(Dataset records)
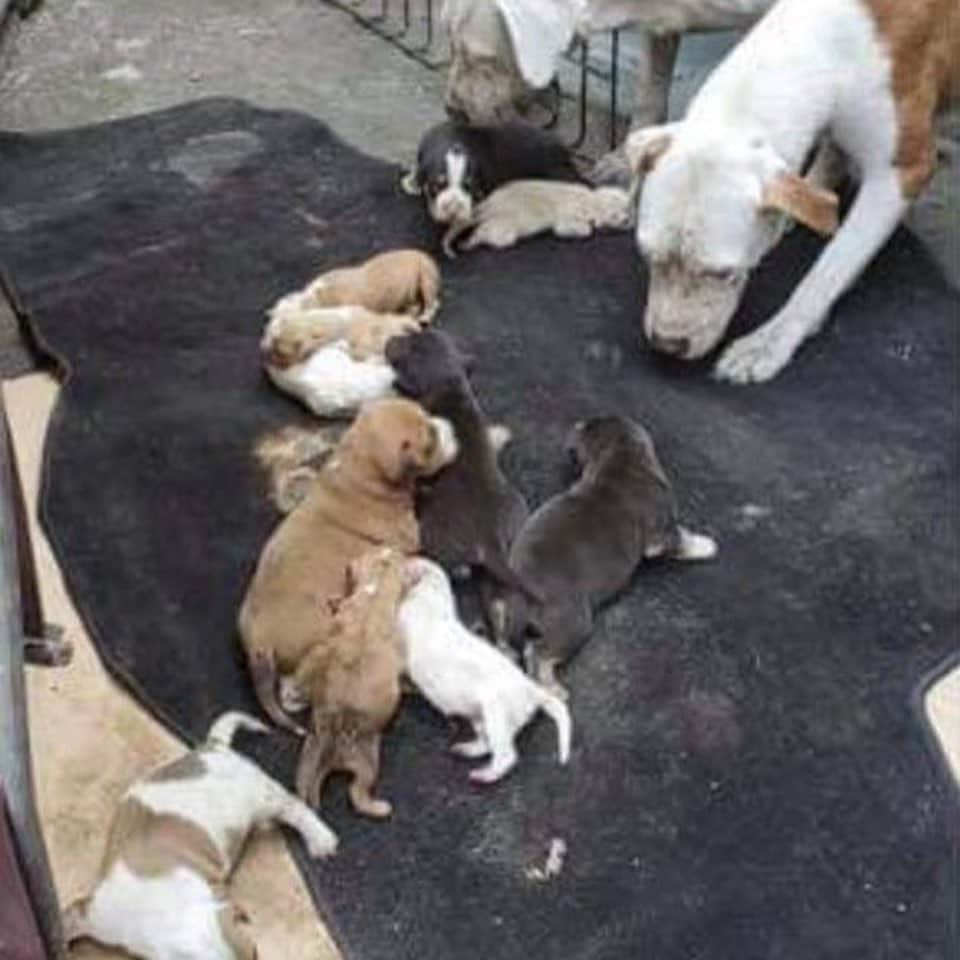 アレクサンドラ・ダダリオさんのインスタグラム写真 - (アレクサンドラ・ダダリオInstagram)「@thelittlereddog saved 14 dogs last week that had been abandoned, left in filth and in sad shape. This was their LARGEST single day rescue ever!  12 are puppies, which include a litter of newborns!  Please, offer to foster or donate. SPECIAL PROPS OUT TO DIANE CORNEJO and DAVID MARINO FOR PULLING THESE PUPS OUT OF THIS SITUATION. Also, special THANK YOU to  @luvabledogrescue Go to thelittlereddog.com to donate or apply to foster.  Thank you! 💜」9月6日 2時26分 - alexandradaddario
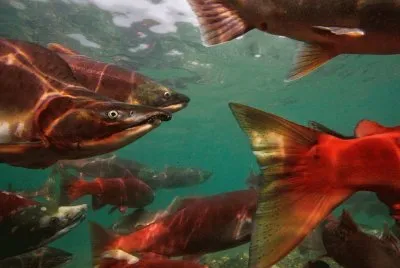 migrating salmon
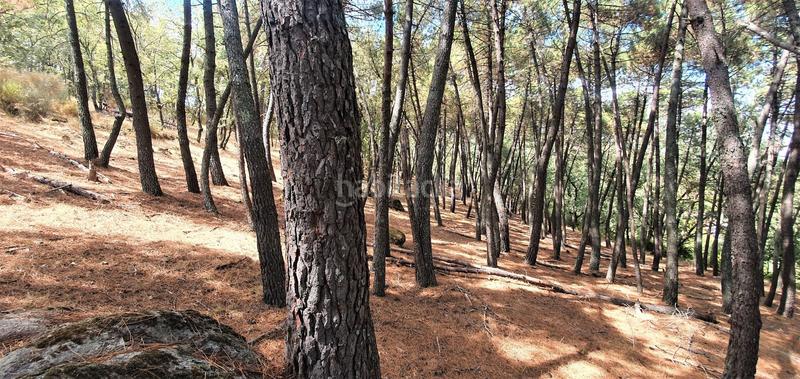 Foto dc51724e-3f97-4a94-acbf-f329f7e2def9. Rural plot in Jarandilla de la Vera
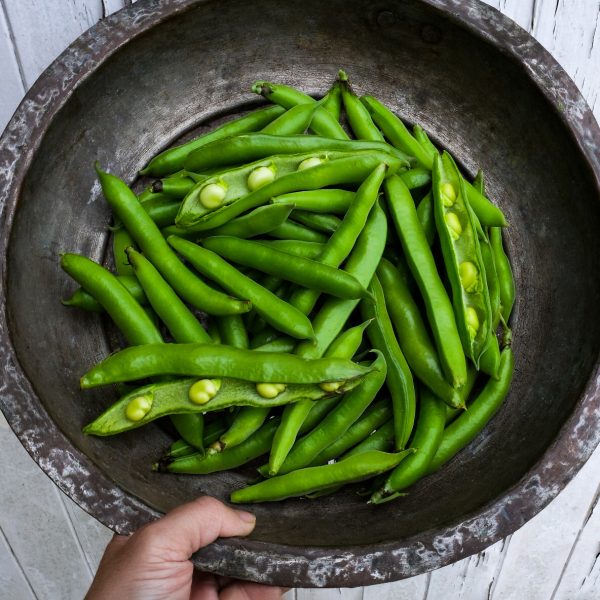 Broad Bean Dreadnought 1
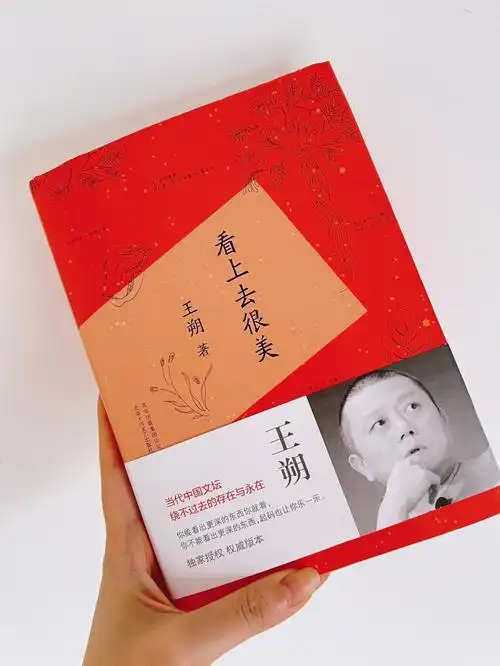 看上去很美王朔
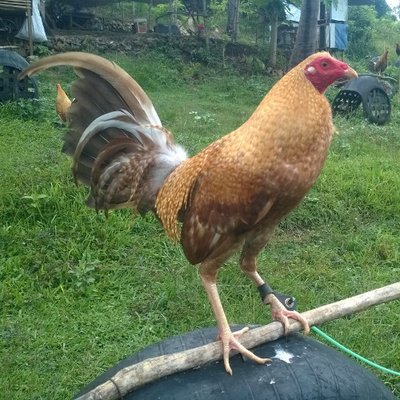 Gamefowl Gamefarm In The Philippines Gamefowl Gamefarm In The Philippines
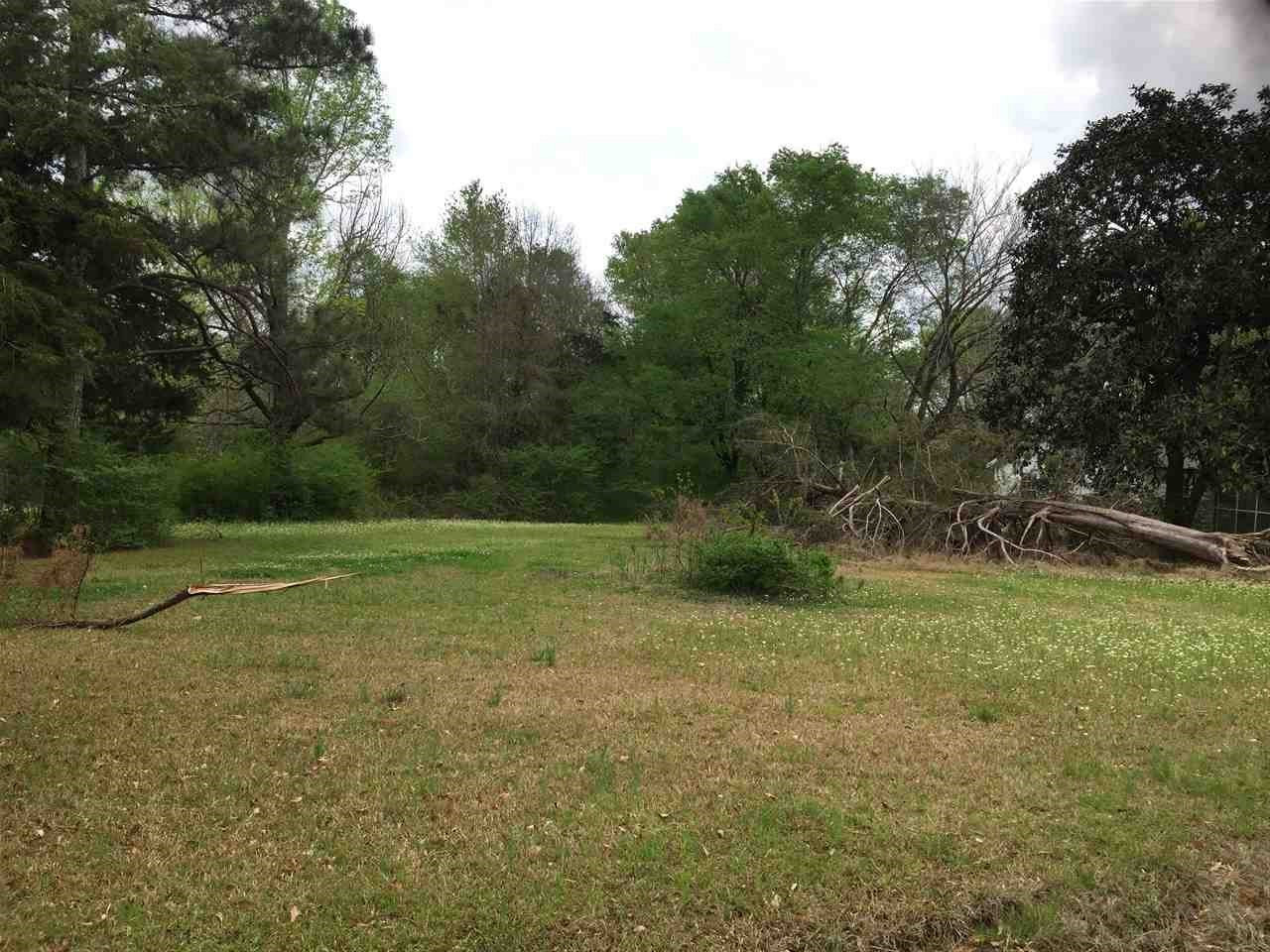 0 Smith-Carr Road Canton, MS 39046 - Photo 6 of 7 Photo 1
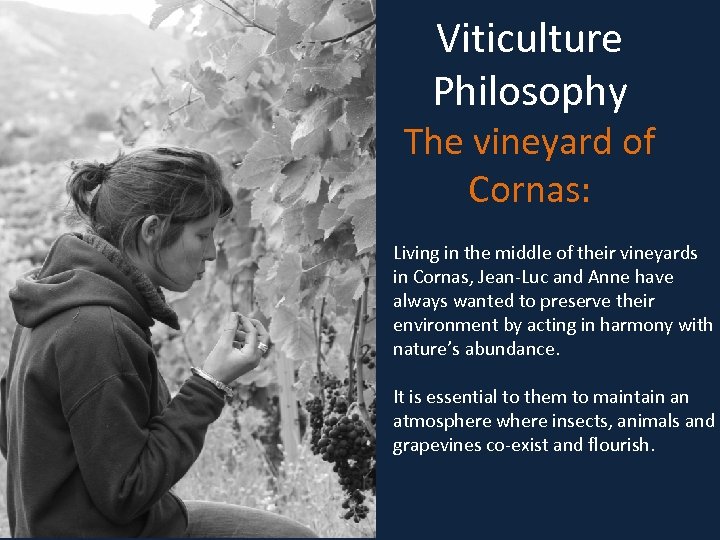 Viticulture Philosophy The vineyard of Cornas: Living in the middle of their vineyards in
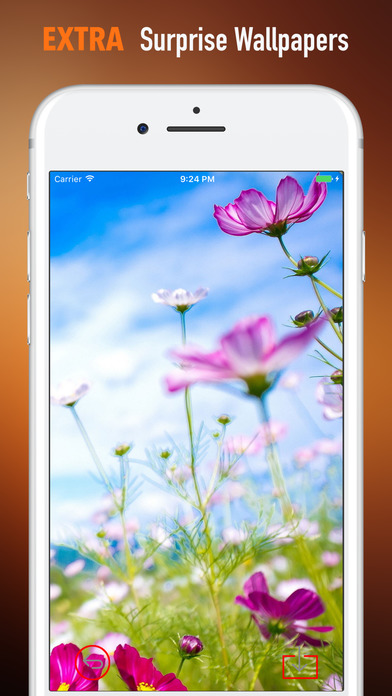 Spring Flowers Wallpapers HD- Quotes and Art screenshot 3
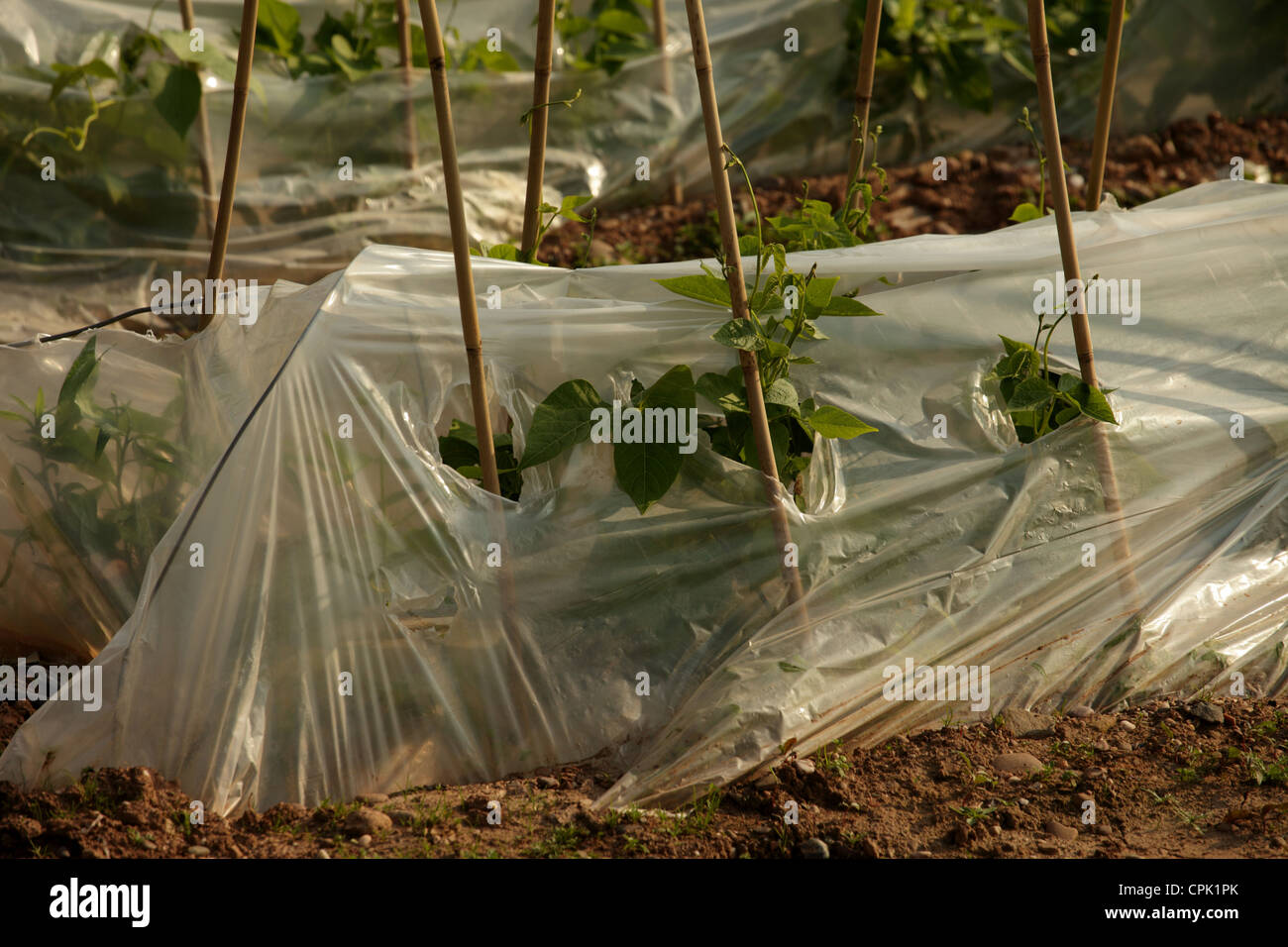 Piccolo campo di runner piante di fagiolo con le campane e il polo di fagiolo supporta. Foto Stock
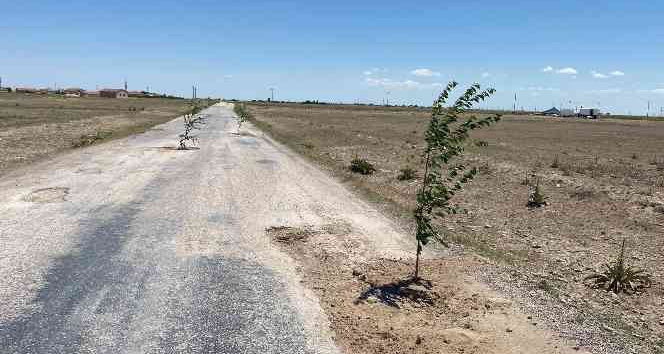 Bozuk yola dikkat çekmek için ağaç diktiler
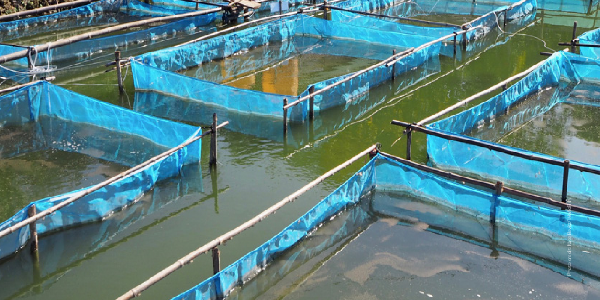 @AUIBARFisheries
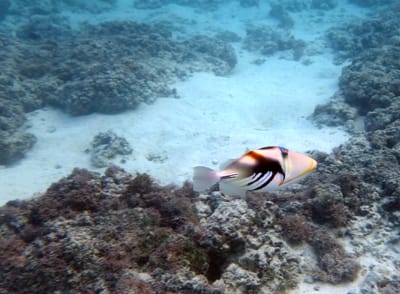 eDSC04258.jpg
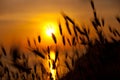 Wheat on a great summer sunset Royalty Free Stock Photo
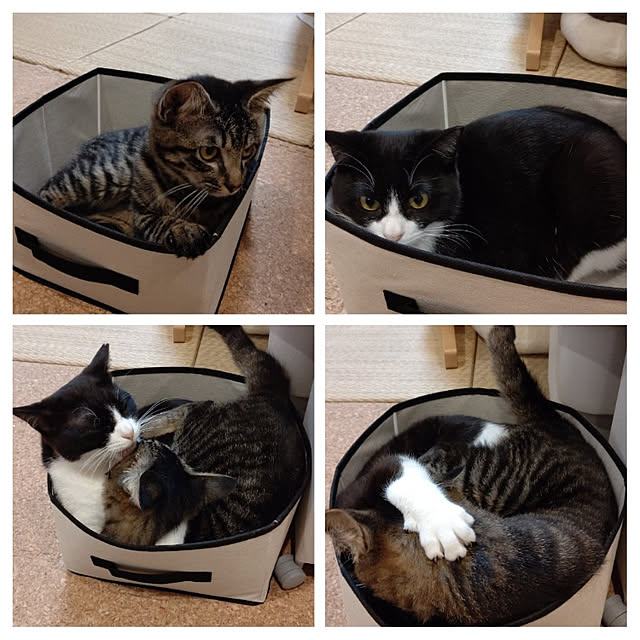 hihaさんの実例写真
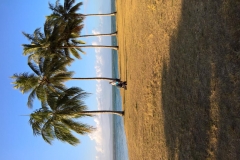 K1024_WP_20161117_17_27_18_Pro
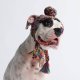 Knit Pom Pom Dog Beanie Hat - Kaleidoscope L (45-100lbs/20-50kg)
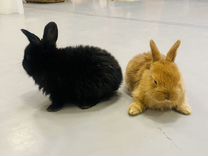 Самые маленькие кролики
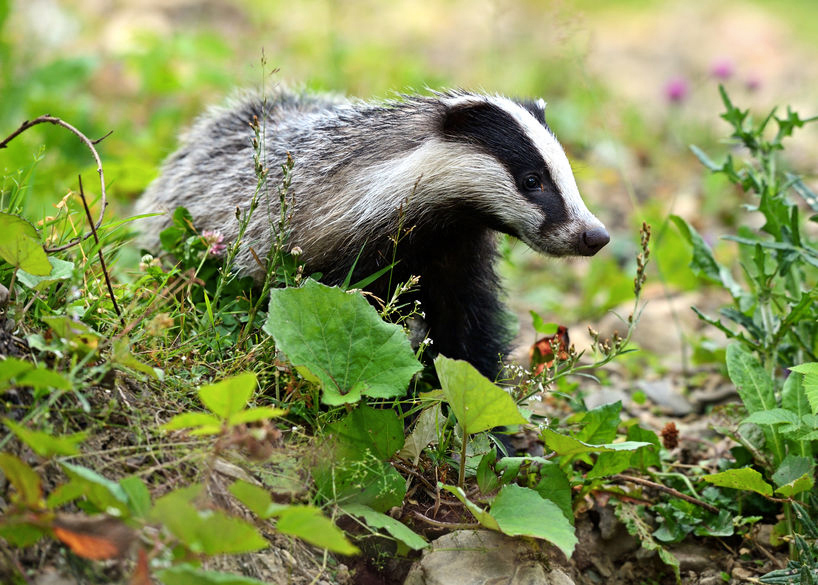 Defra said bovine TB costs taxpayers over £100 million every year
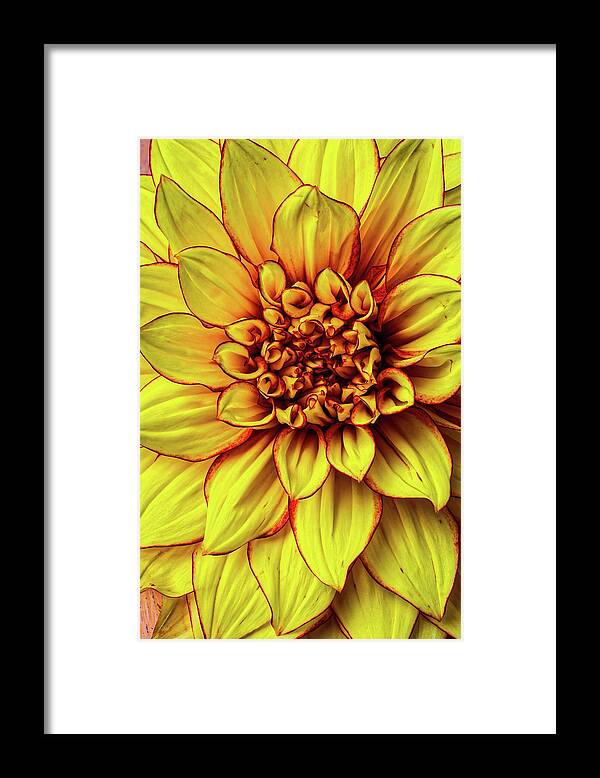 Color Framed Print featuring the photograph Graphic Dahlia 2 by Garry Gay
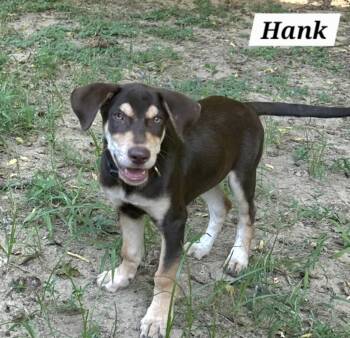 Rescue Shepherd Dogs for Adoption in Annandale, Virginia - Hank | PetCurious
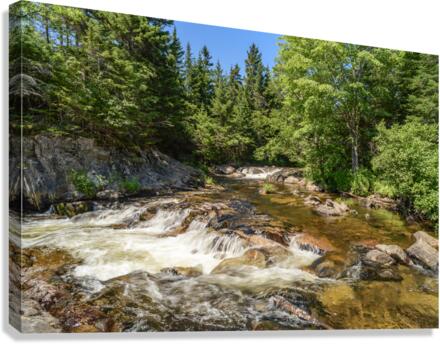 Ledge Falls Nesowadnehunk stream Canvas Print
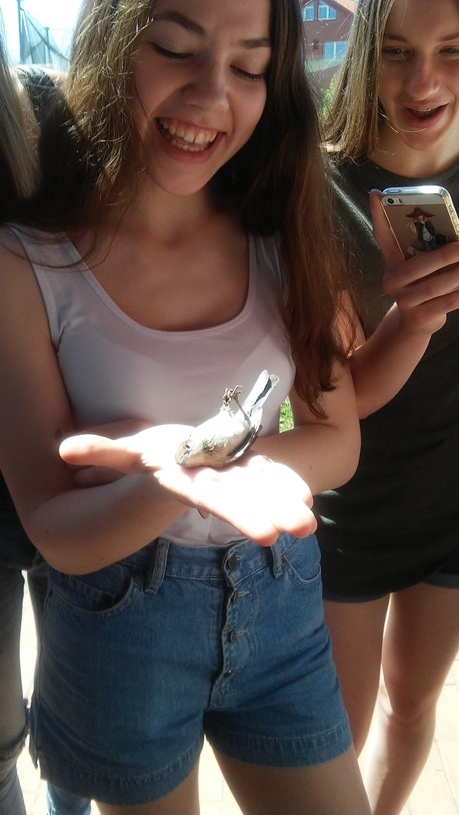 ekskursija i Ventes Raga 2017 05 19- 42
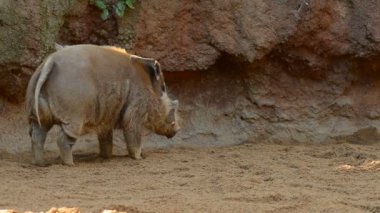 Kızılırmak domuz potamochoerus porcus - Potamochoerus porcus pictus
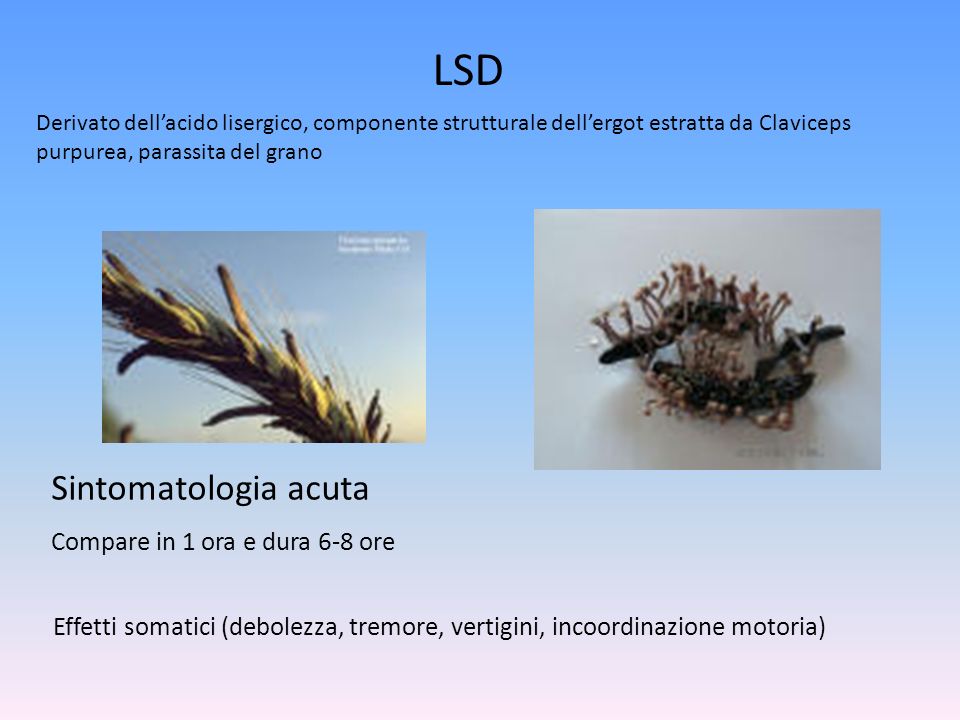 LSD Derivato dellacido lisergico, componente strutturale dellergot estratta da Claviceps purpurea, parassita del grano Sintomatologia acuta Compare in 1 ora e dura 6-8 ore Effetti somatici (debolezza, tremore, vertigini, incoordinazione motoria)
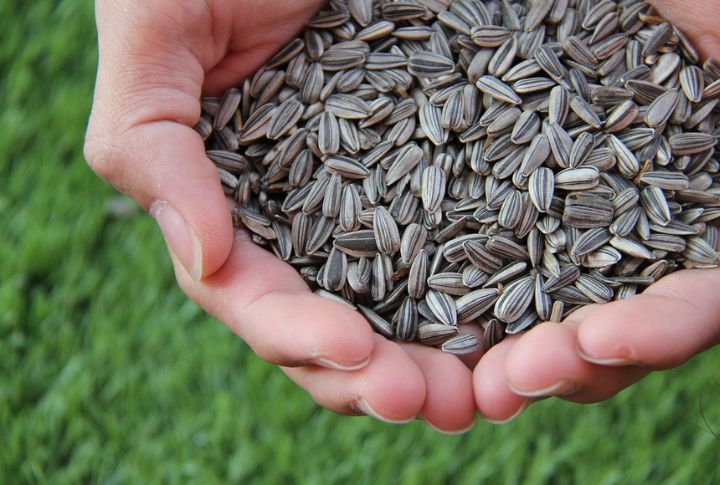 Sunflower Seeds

▶ REQUIRED ACTION: In the copy, include exactly the lines from the one containing "K1024_WP_20161117_17_27_18_Pro" through the last line of the records, and no pictures or other text.

▶ RESULT OF THIS EXERCISE:
 K1024_WP_20161117_17_27_18_Pro
 Knit Pom Pom Dog Beanie Hat - Kaleidoscope L (45-100lbs/20-50kg)
 Самые маленькие кролики
 Defra said bovine TB costs taxpayers over £100 million every year
 Color Framed Print featuring the photograph Graphic Dahlia 2 by Garry Gay
 Rescue Shepherd Dogs for Adoption in Annandale, Virginia - Hank | PetCurious
 Ledge Falls Nesowadnehunk stream Canvas Print
 ekskursija i Ventes Raga 2017 05 19- 42
 Kızılırmak domuz potamochoerus porcus - Potamochoerus porcus pictus
 LSD Derivato dellacido lisergico, componente strutturale dellergot estratta da Claviceps purpurea, parassita del grano Sintomatologia acuta Compare in 1 ora e dura 6-8 ore Effetti somatici (debolezza, tremore, vertigini, incoordinazione motoria)
 Sunflower Seeds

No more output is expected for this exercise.